Biographie détaillée d'Anatolij Smilingis

Anatolij Smilingis naît le 4 octobre 1927 à Plunge, en Lituanie. Sa mère est enseignante et son père, directeur d’école, dirige également un parti local nationaliste. Après une perquisition exécutée chez eux par deux soldats soviétiques, la famille est déportée le 14 juin 1941. Le père est alors séparé du reste de la famille. Pour toujours. 

A 14 ans, Anatolij se retrouve avec sa mère et sa petite soeur Rita. Après un long voyage, ils sont débarqués du train à Kotlas où le trajet se poursuit en barges vers la République Komi. Enfin, par camionnette, ils rejoignent leur destination finale: le « Vtoroj ucastok », un camp de la veille transformé en « village spécial».
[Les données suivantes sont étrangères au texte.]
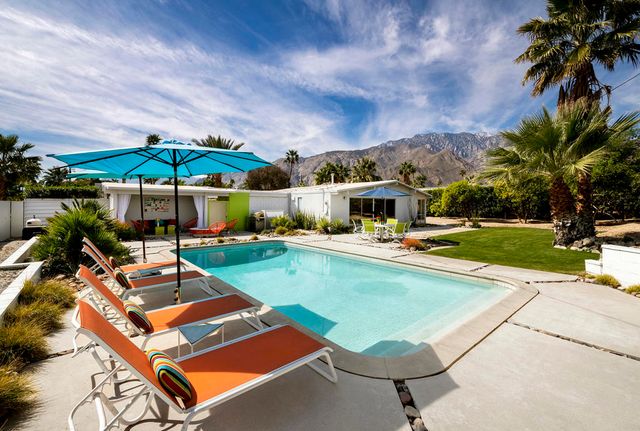 504 E Laurel Circle, Palm Springs, CA 92262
Sa mère trouve du travail au chaud, dans les bains, tandis qu’Anatolij s’exerce en forêt comme marqueur: il relève les dimensions des rondins. Au départ, ils ont encore des provisions, mais très vite, à l’hiver 1942, la situation se détériore et la famine s’installe. De nouveaux « contingents » arrivent, des Polonais, des Chinois, des Iraniens, si bien qu’Anatolij apprendra le chinois avant le russe. Tous les déportés font preuve de solidarité. Suite à l’arrestation de sa mère, envoyée en camp pour avoir chapardé quelques graines d'avoine, Anatolij commence à gonfler à cause de la faim et échappe de peu à la mort. Il sera sauvé grâce à un seau d’airelles qu’on lui apporte par pitié.
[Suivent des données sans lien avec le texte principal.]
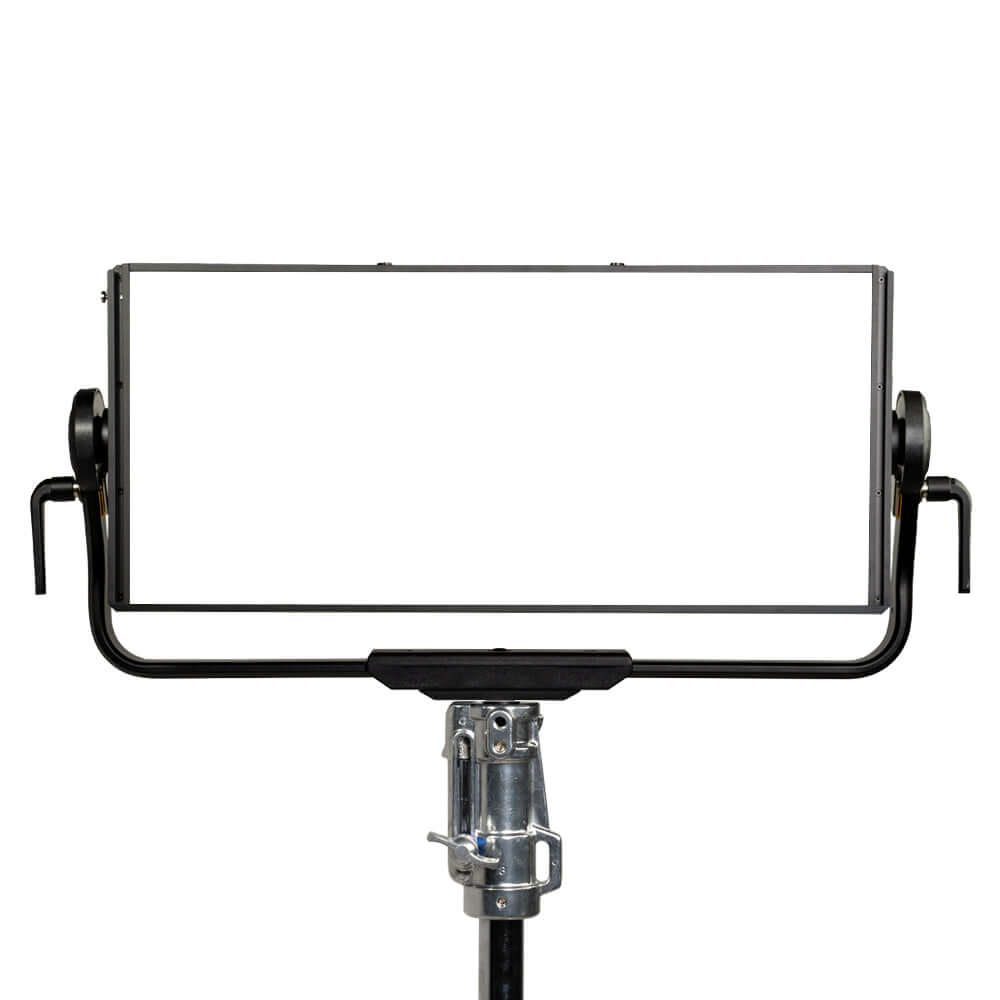 Aputure NOVA P600C Kit RGBWW LED Panel.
A peine remis, Anatolij reprend le travail en forêt. En 1943, il déménage au village spécial de Sobino, puis, après la guerre s’engage à l’exploitation forestière de Negakeros. Il tombe malade du typhus suite à une épidémie transmise par les nouveaux déportés venus d’Ukraine occidentale. En 1949, il se retrouve à l’hôpital de Kortkeros. Grâce à un autre déporté, chirurgien militaire, qu’Anatolij avait aidé par le passé, il arrive à s’embaucher comme économe à l’hôpital. Mais il n’a qu’une seule envie: retourner en forêt. Son amour pour la forêt est tel qu’il commence dès le début des années 50 à organiser des excursions avec des enfants, pour la plupart, fils de membres du Parti. Il les accompagne sur les traces des anciens camps et des charniers, ce qui est à l’époque interdit. Anatolij se demande encore comment ces enfants ont pu lui être confiés alors qu’il était lui-même encore fiché dans le registre des "déplacés spéciaux". 
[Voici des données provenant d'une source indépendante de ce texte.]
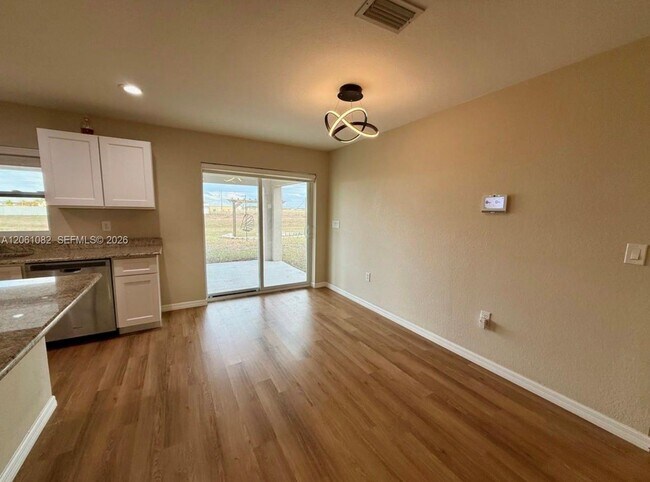 Building Photo - 7033 Waldo Cir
Avant son départ pour Kortkeros, Anatolij avait accompagné sa soeur à l’embarcadère de cette ville, d’où les enfants polonais étaient renvoyés chez eux. Elle a fui et rejoint la Lituanie. Pendant deux ou trois ans, elle s’est cachée. Plus tard, au moment de la chute de l’URSS, elle a fait partie du mouvement indépendantiste lituanien dont elle a côtoyé les grandes figures. Elle vit aujourd’hui en Lituanie.

Après la mort de Staline, Anatolij correspond avec un oncle exilé aux USA, ce dernier lui envoie des colis de vivres, qui sont soigneusement fouillés par le NKVD. C’était avant sa libération en 1955, date à laquelle Anatolij reçoit une attestation de la république de Lituanie lui annonçant sa radiation des registres spéciaux, ainsi qu’un passeport avec restriction de déplacement dans les frontières de la République Komi. Même par la suite, Anatolij a toujours repoussé son départ. Il était passionné par son travail, les randonnées avec les enfants lui avaient apporté une reconnaissance sociale. Il n’avait pas envie de quitter cela pour l’inconnu, bien que sa soeur l’ait toujours poussé à revenir en Lituanie. Il a néanmoins fait les démarches pour avoir la citoyenneté lituanienne : il possède désormais la double nationalité et touche des indemnités en Lituanie. 

Anatolij oeuvre aujourd’hui pour le travail de mémoire et le tourisme mémoriel dont il est très certainement le pionnier dans cette région. Il possède d’importantes archives et a même inauguré, il y a dix ans, une commémoration qui se tient chaque année le 14 juin, date de la première déportation des Lituaniens, à l’ancien village spécial de « Vtoroj Ucastok », près de la croix érigée en mémoire des déportés. Les anciens déplacés spéciaux, toutes origines confondues, se retrouvent chaque année pour partager ce moment.